April 15

Daily Writing

I am always investigating ways to increase the incidental writing that i can get my students to do. As they get older many students begin to dislike writing, I think this correlates with the time that writing changes from writing a few sentences (K-2) into writing ‘text types’ with paragraphs. Last year when I had an all boys class, I was faced with two thirds of the class being very ‘anti-writing’. I had to try to promote as much incidental, daily writing as possible.
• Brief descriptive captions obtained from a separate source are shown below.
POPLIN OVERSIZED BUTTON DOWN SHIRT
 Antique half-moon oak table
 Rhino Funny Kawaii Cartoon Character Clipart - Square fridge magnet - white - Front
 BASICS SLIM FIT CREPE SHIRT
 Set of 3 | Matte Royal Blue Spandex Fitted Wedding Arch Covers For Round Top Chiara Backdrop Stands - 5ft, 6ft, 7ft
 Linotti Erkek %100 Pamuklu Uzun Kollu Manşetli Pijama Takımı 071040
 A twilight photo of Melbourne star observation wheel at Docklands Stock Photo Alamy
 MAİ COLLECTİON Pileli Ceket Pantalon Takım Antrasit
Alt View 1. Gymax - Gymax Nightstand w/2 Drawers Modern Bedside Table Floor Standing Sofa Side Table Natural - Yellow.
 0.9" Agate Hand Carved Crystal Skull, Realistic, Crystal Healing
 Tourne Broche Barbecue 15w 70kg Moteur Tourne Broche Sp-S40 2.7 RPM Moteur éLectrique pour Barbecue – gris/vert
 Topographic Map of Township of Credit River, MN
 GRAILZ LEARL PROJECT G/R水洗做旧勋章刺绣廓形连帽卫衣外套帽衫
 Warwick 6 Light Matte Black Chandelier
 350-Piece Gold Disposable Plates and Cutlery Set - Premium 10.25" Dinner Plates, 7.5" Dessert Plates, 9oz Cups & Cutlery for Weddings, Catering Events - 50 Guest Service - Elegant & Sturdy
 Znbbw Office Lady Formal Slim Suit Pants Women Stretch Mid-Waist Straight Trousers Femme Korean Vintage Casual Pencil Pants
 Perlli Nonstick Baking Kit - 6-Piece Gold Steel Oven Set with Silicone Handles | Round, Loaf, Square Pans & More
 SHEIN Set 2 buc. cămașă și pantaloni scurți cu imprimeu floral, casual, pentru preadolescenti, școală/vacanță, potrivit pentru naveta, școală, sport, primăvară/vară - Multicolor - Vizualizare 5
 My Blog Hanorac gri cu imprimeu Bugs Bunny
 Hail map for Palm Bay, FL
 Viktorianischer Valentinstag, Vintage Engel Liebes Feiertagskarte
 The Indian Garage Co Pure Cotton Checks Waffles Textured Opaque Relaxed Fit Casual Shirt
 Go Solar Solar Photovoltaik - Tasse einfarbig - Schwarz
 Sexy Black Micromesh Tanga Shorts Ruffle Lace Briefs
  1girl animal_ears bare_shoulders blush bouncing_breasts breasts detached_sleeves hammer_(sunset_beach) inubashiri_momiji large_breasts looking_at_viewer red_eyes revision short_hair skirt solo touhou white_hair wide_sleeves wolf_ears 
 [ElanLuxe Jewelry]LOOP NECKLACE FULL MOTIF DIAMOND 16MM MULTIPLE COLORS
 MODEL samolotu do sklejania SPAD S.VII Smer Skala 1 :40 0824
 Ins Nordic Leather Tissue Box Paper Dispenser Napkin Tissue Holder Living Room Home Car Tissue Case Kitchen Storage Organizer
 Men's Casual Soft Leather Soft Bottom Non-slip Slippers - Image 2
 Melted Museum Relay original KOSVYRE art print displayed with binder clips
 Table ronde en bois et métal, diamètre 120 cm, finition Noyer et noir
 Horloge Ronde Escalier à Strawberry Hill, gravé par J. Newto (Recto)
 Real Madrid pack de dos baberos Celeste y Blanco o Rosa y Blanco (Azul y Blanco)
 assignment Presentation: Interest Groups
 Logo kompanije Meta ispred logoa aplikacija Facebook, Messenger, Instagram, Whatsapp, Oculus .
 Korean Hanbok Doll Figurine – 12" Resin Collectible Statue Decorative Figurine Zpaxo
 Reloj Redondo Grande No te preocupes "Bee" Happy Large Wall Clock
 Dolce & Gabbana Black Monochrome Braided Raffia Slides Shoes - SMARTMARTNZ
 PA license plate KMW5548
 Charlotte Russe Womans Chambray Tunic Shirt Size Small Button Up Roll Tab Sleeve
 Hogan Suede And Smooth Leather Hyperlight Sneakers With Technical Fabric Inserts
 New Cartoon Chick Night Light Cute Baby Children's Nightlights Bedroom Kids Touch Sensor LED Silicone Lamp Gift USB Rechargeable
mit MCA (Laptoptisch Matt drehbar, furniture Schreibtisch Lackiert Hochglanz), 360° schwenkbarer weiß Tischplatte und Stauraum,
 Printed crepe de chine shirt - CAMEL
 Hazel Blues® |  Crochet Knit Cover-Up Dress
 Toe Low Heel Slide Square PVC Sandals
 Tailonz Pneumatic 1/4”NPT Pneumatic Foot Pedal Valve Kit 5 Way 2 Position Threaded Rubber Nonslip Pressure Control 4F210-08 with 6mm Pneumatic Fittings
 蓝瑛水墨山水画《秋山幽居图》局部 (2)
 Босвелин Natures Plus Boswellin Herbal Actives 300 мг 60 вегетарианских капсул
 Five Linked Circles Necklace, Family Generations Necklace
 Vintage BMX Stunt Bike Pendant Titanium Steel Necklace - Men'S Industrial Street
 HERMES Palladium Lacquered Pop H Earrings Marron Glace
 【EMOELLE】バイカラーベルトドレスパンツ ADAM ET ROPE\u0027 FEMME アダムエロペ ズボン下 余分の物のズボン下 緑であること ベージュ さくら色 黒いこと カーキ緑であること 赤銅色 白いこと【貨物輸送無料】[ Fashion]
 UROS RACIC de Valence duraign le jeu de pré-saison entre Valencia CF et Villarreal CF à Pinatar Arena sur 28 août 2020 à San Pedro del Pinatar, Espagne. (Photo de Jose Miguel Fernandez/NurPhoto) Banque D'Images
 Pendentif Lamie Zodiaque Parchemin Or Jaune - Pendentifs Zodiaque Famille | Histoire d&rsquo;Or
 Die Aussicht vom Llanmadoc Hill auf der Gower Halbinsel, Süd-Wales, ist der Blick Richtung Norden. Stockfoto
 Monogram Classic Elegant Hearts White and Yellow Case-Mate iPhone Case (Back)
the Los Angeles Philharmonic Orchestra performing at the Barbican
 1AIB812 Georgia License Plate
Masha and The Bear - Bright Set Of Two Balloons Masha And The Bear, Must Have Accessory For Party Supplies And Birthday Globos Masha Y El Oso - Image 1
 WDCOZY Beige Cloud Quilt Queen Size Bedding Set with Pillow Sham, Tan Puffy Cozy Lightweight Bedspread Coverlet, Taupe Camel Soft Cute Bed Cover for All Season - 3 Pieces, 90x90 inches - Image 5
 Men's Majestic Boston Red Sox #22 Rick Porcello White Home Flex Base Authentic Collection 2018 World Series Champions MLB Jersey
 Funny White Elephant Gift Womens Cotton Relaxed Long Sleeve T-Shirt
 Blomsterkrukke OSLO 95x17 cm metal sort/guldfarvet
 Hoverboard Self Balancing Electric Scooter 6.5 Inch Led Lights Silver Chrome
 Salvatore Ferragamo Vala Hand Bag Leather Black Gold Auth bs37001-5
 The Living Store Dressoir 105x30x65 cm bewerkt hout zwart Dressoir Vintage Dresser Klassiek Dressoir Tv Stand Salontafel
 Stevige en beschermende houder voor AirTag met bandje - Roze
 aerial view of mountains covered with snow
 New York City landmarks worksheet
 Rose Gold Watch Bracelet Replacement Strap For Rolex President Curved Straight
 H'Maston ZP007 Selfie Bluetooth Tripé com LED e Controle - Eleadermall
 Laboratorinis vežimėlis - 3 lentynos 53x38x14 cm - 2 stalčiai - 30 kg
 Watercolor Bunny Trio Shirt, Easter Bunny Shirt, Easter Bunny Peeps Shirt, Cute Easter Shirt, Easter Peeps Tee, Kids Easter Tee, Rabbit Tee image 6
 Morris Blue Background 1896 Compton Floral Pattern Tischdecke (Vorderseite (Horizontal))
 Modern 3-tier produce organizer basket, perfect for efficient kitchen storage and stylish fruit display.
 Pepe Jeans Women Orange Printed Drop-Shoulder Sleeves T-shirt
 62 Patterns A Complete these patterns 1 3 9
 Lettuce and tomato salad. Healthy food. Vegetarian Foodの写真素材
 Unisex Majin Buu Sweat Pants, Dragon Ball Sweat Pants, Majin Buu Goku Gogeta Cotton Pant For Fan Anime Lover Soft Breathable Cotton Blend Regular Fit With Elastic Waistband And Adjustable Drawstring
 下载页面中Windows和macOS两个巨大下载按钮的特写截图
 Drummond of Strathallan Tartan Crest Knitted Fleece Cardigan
I had used journal writing in the past, but found many students had ‘writers’ block’ when left to write their own thoughts. Journal writing topics are great, I found  a lot of ideas here.  I developed a journal writing topic that gave the students the content for their writing. I linked this to social skills, cultural events, class topics and student interest and made sure that a range of writing styles and genres were covered.

journal writing sample

To promote vocabulary, I used a ‘word of the day’ study and combined it with my journal writing.  I created templates for the journal writing.

Click here: journal writing to access the templates. (NB: They are Australian based. Some fonts may not load if you are opening this PDF on a MAC)

As I had an all boys class, I did a little bargaining. One of the Journal Writing tasks I substituted for Journal Drawing. I gave them a specific drawing task as they all loved drawing.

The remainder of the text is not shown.